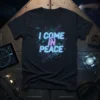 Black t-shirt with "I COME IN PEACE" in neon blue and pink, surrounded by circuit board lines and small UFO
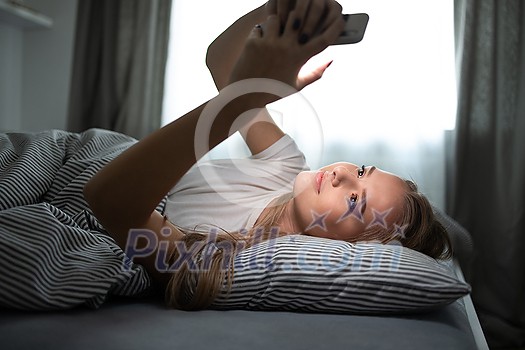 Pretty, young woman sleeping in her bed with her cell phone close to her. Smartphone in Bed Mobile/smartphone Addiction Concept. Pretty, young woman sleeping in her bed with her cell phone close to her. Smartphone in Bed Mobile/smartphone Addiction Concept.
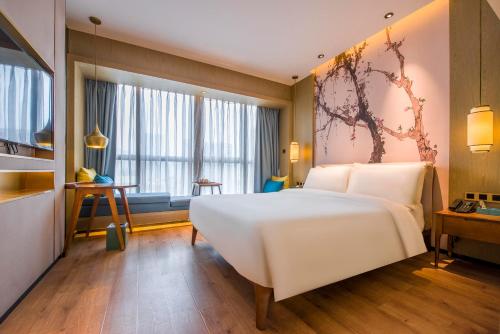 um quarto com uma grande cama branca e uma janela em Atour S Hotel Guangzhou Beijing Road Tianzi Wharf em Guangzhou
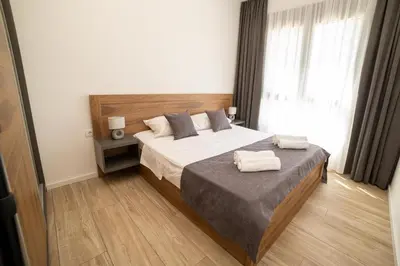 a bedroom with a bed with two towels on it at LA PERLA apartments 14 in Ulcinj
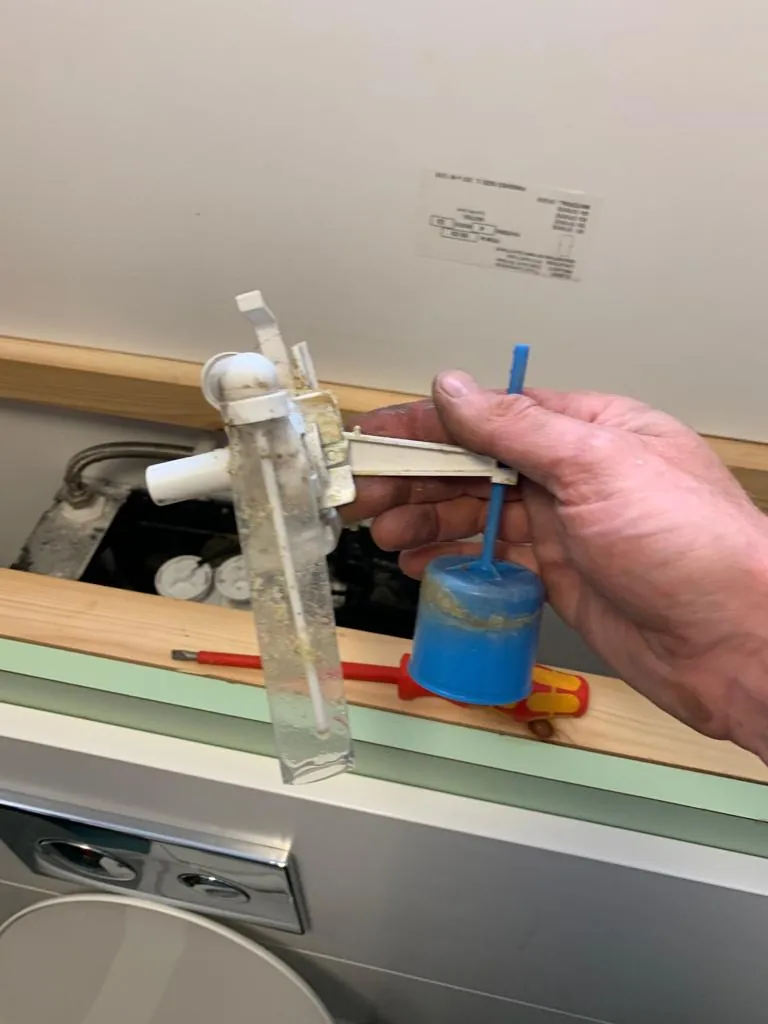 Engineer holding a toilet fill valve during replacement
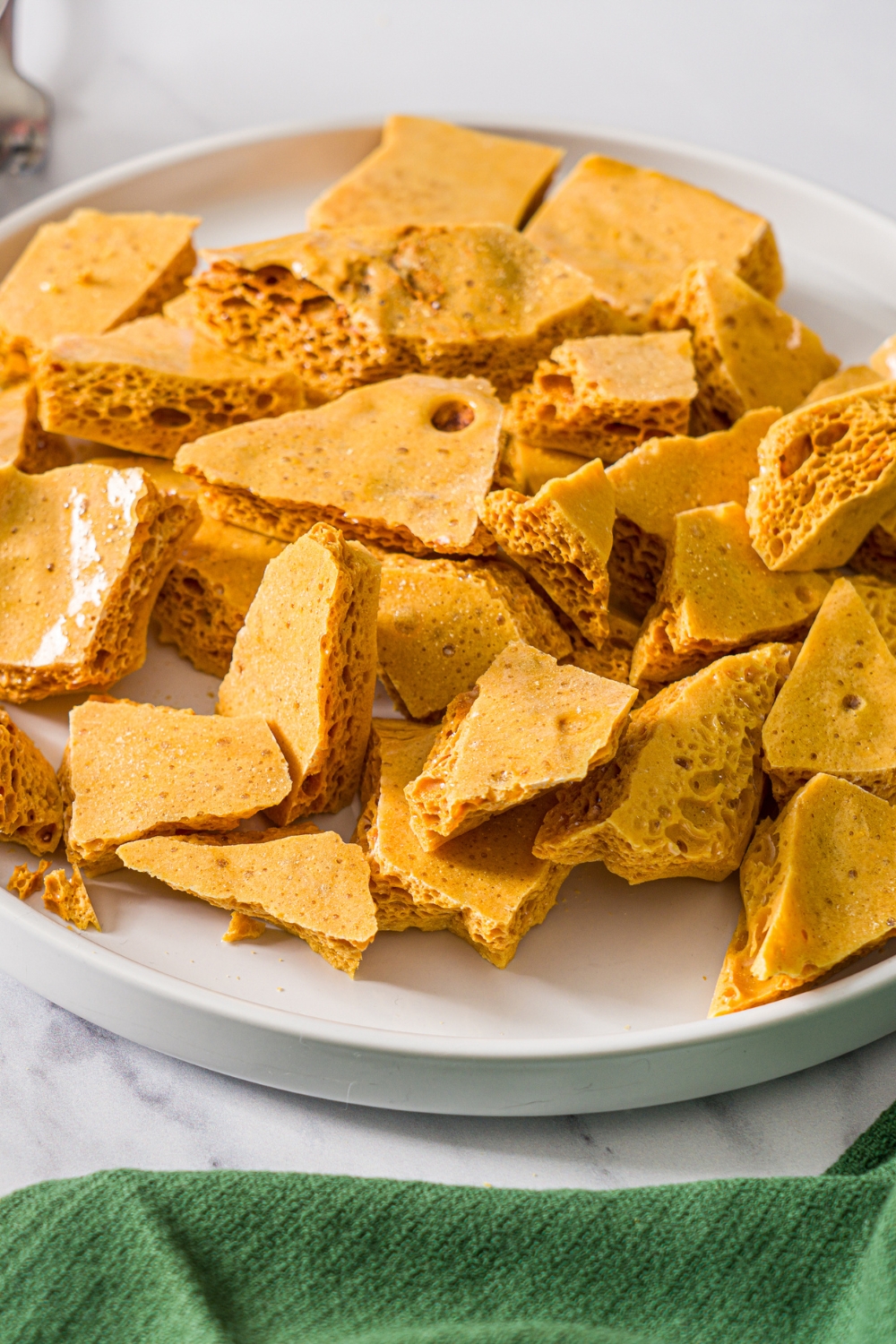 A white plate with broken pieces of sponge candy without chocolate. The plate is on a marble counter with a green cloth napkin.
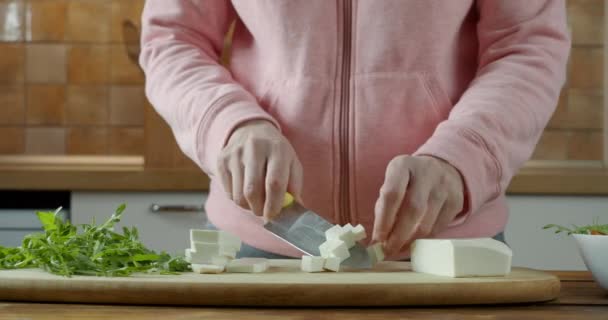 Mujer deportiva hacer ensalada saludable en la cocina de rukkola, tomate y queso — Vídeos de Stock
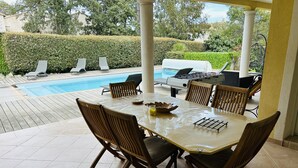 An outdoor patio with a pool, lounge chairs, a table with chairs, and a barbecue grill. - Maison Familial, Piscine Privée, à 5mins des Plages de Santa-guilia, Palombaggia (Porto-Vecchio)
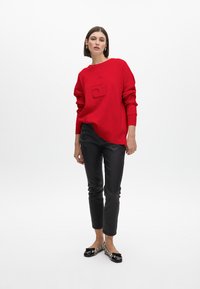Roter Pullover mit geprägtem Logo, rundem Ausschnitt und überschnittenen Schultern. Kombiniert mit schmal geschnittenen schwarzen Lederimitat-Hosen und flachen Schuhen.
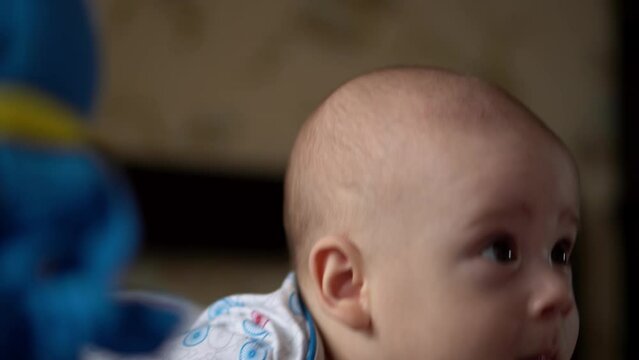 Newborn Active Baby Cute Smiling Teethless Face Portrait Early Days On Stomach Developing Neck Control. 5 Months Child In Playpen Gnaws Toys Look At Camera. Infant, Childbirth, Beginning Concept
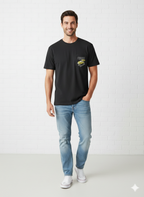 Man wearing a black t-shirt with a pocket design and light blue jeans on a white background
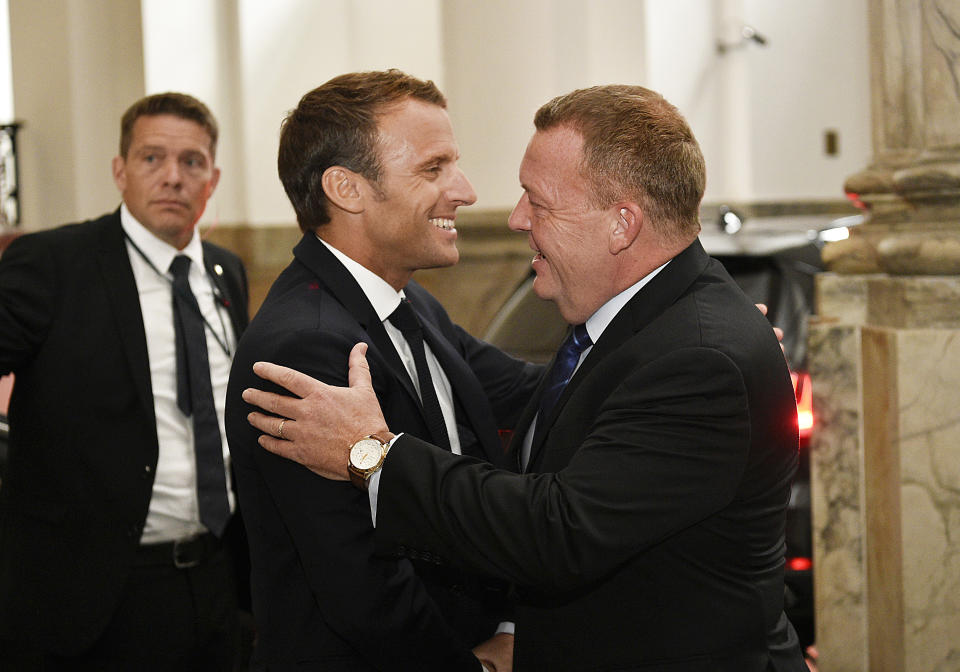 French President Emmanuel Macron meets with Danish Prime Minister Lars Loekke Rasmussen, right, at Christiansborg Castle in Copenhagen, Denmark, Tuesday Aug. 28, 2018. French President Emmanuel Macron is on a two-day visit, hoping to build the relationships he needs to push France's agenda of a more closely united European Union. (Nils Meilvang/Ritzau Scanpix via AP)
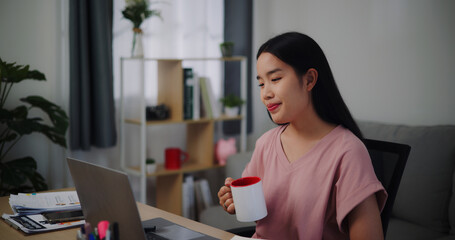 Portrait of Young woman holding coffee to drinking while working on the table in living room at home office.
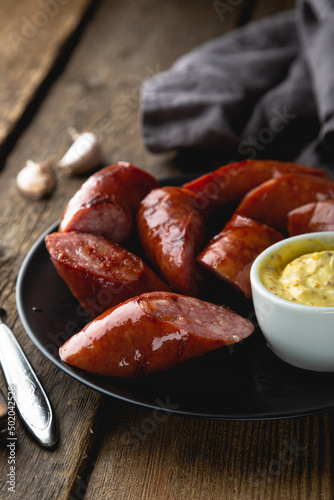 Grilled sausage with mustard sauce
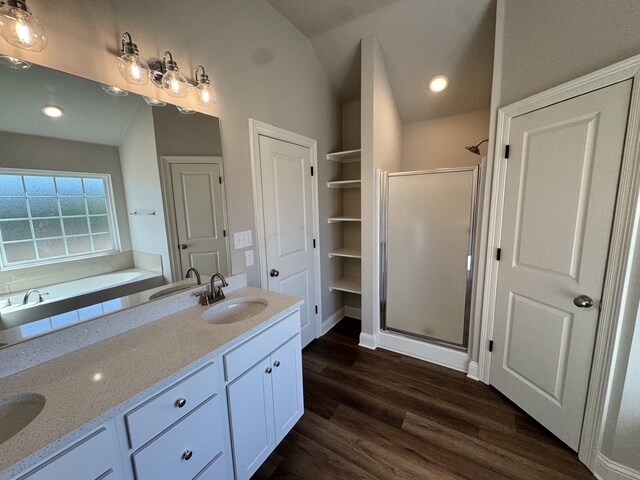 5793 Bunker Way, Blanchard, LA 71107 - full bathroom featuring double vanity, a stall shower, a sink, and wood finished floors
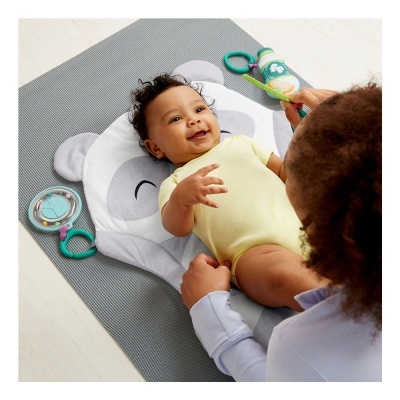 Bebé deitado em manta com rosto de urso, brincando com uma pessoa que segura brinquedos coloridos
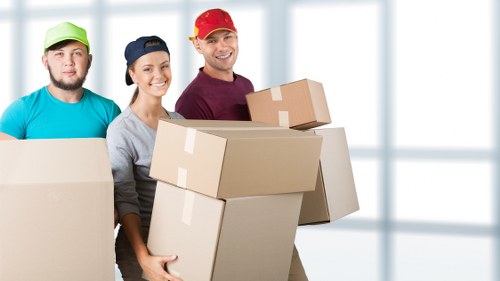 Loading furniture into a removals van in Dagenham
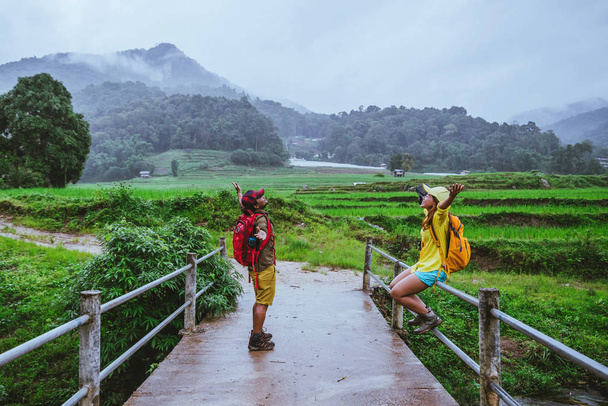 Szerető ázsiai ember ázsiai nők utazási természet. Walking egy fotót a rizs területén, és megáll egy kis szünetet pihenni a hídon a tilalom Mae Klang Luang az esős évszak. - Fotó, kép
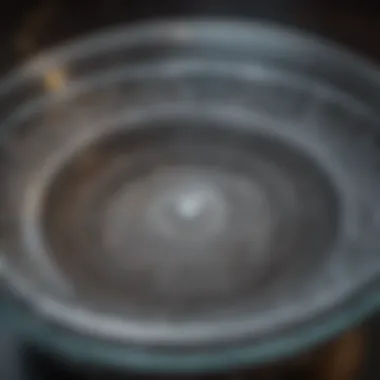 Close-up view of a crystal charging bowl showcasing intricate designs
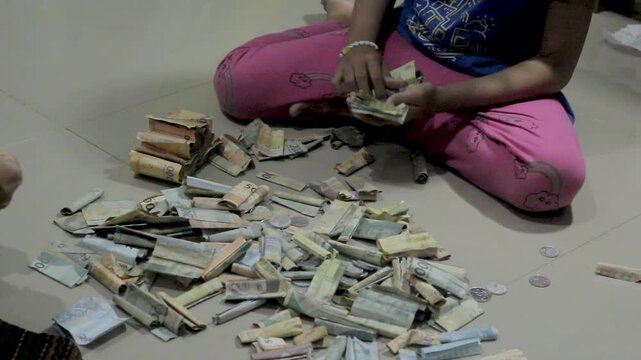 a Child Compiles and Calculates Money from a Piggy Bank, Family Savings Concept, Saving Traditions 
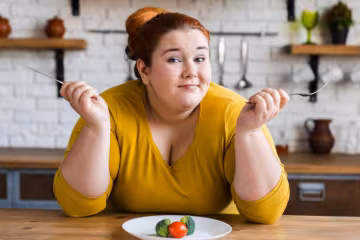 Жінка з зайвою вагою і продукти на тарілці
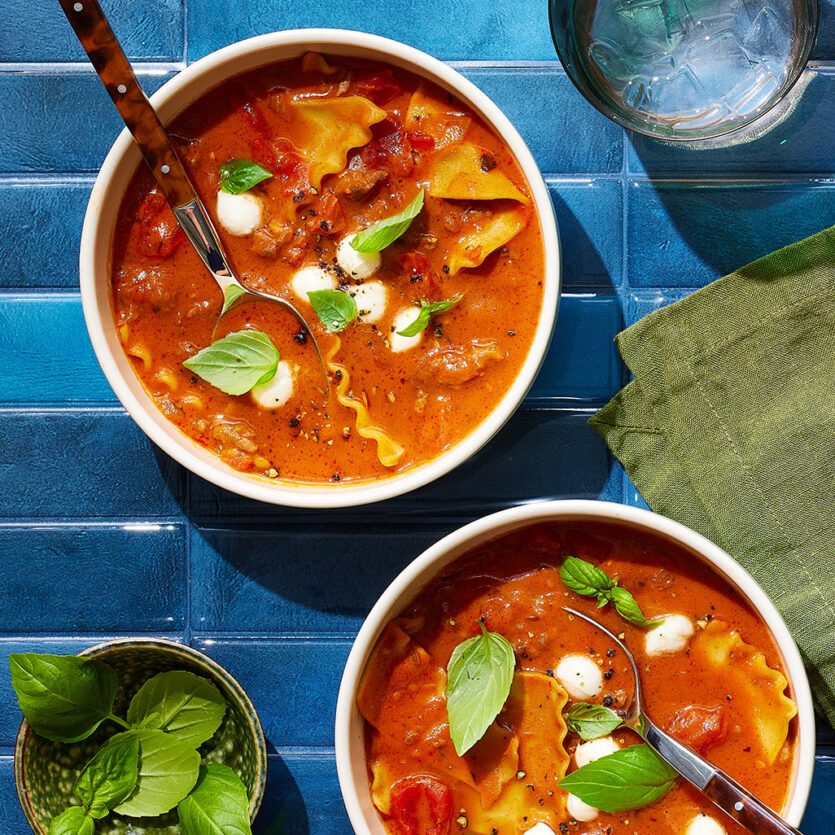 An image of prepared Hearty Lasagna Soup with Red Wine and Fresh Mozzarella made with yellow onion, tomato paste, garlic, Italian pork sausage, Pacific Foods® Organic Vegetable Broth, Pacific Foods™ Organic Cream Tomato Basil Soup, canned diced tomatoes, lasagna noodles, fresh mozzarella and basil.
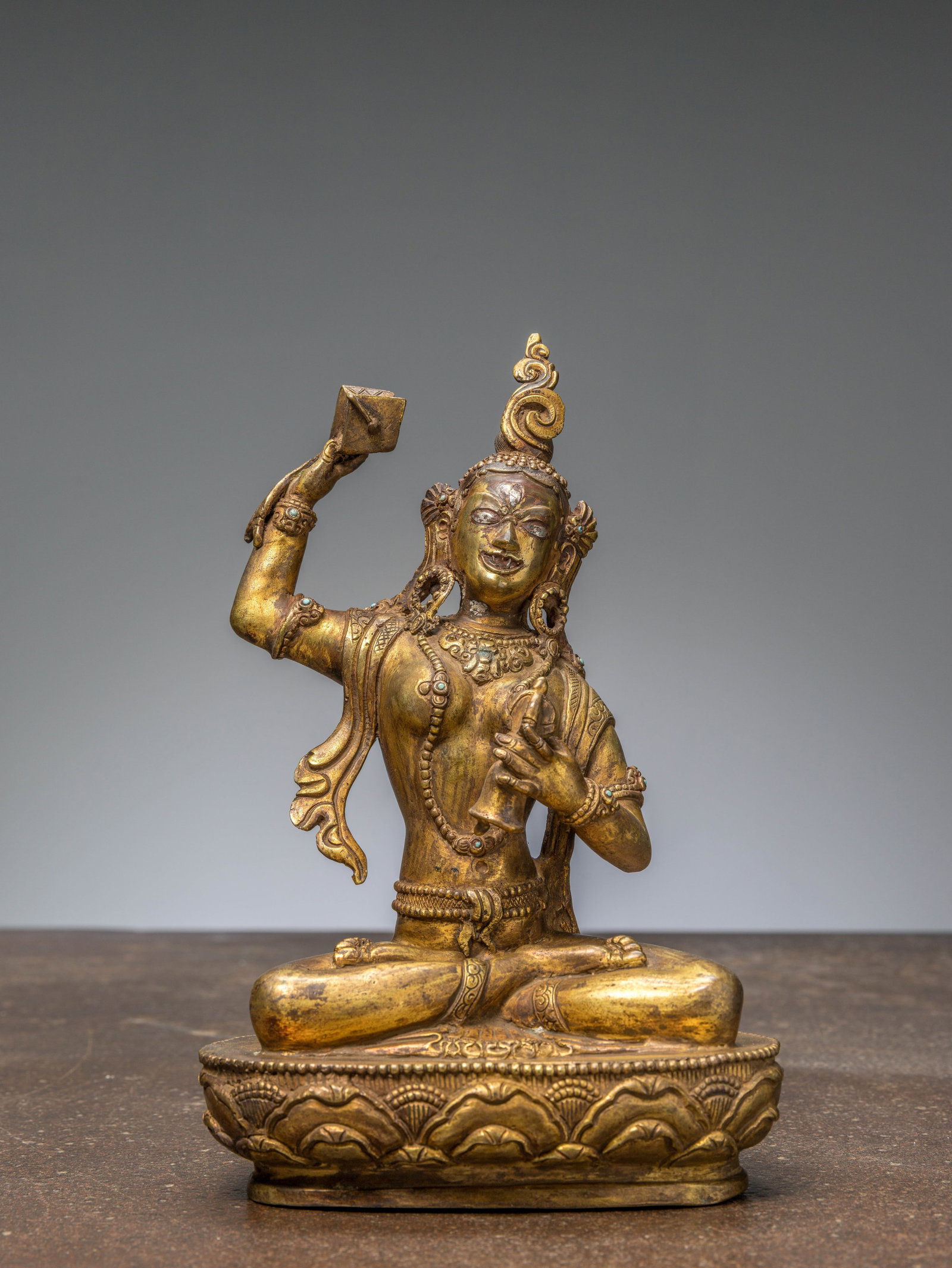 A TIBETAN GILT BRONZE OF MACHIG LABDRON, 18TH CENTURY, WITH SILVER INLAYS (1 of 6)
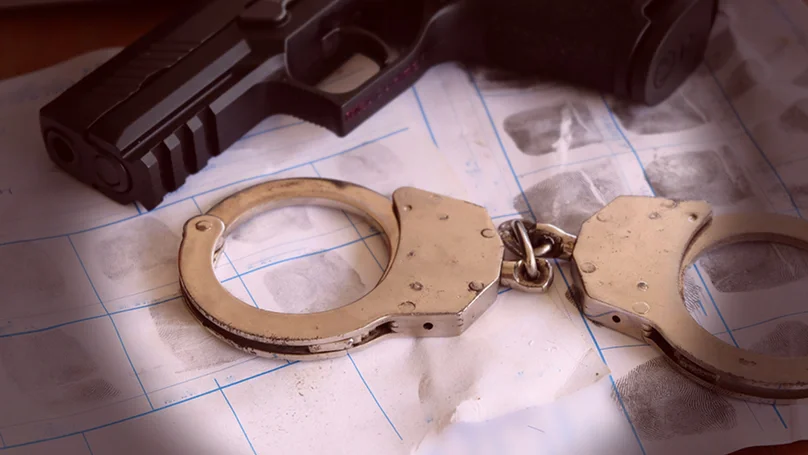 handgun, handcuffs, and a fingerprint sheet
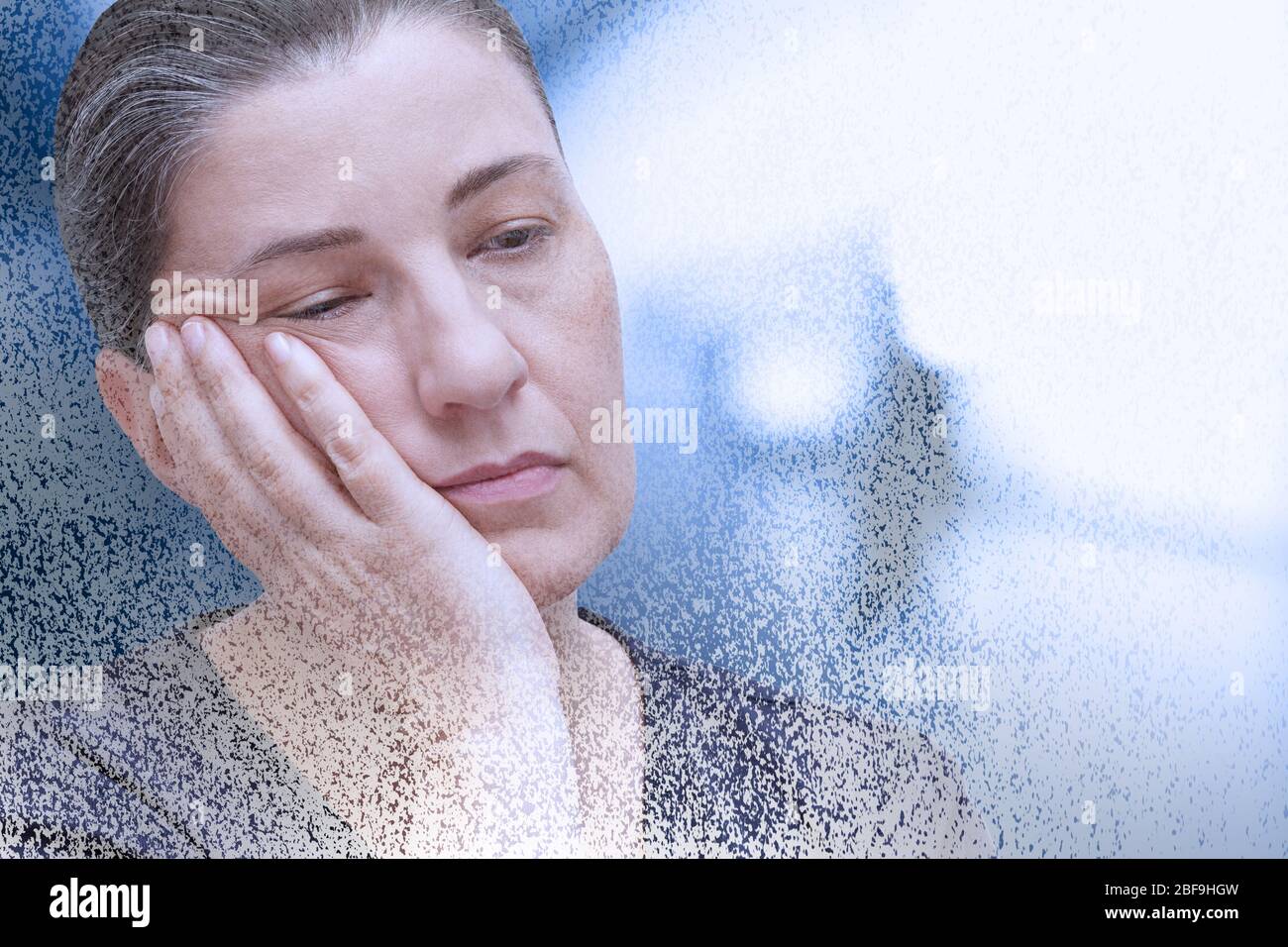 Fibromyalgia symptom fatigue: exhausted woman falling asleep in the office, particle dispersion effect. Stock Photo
+-------+
■ PROMPT
Working from the records above, set down word for word everything from the line containing "French President Emmanuel Macron meets" down to the line containing "Loading furniture into", ends included, minus the pictures.

■ SOLUTION FOR THIS EXERCISE
 French President Emmanuel Macron meets with Danish Prime Minister Lars Loekke Rasmussen, right, at Christiansborg Castle in Copenhagen, Denmark, Tuesday Aug. 28, 2018. French President Emmanuel Macron is on a two-day visit, hoping to build the relationships he needs to push France's agenda of a more closely united European Union. (Nils Meilvang/Ritzau Scanpix via AP)
 Portrait of Young woman holding coffee to drinking while working on the table in living room at home office.
 Grilled sausage with mustard sauce
 5793 Bunker Way, Blanchard, LA 71107 - full bathroom featuring double vanity, a stall shower, a sink, and wood finished floors
 Bebé deitado em manta com rosto de urso, brincando com uma pessoa que segura brinquedos coloridos
 Loading furniture into a removals van in Dagenham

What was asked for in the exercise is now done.